Training GAN for tumor segmentation with (a) real; and (b) synthetic image-label pairs. Synthetic data generation can increase the training data set with desired characteristics (e.g., tumor size, location, etc.) without the need of labor-intensive manual annotation.

4 Experiments and Results

4.1 Data Augmentation Using Synthetic Data

Dice score evaluation of the whole tumor segmentation produced by the GAN-based model and the model of Wang et al. [20] (trained on real and synthetic data) are shown in Table 1. The segmentation models are trained on 80% of the BRATS’15 training data only, and the training data supplemented with synthetic data. Dice scores are evaluated on the 20% held-out set from the BRATS’15 training data. All models are trained for 200 epochs on NVIDIA DGX systems.

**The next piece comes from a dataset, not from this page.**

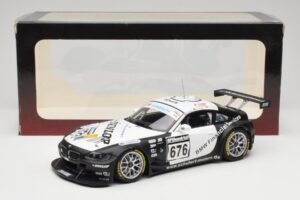 BMW Z4 #676 H. Stuck / J. Hennerici / D. Hurtgen Team Schubert Nürburgring 24 Hours 2006 AUTOart 1:18 80649 Druckguss — Bild 6 von 6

A much improved performance with the addition of synthetic data is observed without usual data augmentation (crop, rotation, elastic deformation; GAN-based (no-aug)). However, a small increase in performance is observed when added with usual data augmentation (GAN-based (no-aug)), and it applies also to the model of Wang et al. [20] that incorporates usual data augmentation techniques.

Wang et al. model operates in full resolution (\(256\times 256\)) combining three 2D models for each axial/coronal/sagittal view, whereas our model and generator operates in half the resolution (\(128\times 128\times 54\)) due to GPU memory limit. We up-sampled the GAN-generated images twice the generated resolution for a fair comparison with BRATS challenge, however it is possible that very small tumor may get lost during the down-/up- sampling. A better performance may be observed using the GAN-based model with an availability of GPU with more memory. Also, we believe that the generated synthetic images having half the resolution, coupled with the lack of the image sequences for training other than T1-weighted ones possibly led to the relatively small increase in segmentation performance compared to using the usual data augmentation techniques. We carefully hypothesize that with more T2/Flair images being available, better image quality will be observed for these sequences and so better performance for more models and tumor types.

4.2 Training on Anonymized Synthetic Data

We also evaluated the performance of the GAN-based segmentation on synthetic data only, in amounts greater than or equal to the amount of real data but without including any of the original data. The dice score evaluations are shown in Table 1. Sub-optimal performance is achieved for both our GAN-based and the model of Wang et al. [20] when training on an amount of synthetic data equal to the original 80% training set. However, higher performance, comparable to training on real data, is achieved when training the two models using more than five times as much synthetic data (only), and fine-tuning using a 10% random selection of the “real” training data. In this case, the synthetic data provides a form of pre-training, allowing for much less “real” data to be used to achieve a comparable level of performance.

Table 1. Dice score evaluation (mean/standard deviation) of GAN-based segmentation algorithm and BRATS’17 top-performing algorithm [20], trained on “real” data only; real + synthetic data; and training on synthetic data only and fine-tuning the model on 10% of the real data. GAN-based models were trained both with (with aug) and without (no aug) including the usual data augmentation techniques (crop, rotation, translation, and elastic deformation) during training. All models were trained for 200 epochs to convergence.

5 Conclusion

In this paper, we propose a generative algorithm to produce synthetic abnormal brain tumor multi-parametric MRI images from their corresponding segmentation masks using an image-to-image translation GAN. High levels of variation can be introduced when generating such synthetic images by altering the input label map. This results in improvements in segmentation performance across multiple algorithms. Furthermore, these same algorithms can be trained on completely anonymized data sets allowing for sharing of training data. When combined with smaller, institution-specific data sets, modestly sized organizations are provided the opportunity to train successful deep learning models.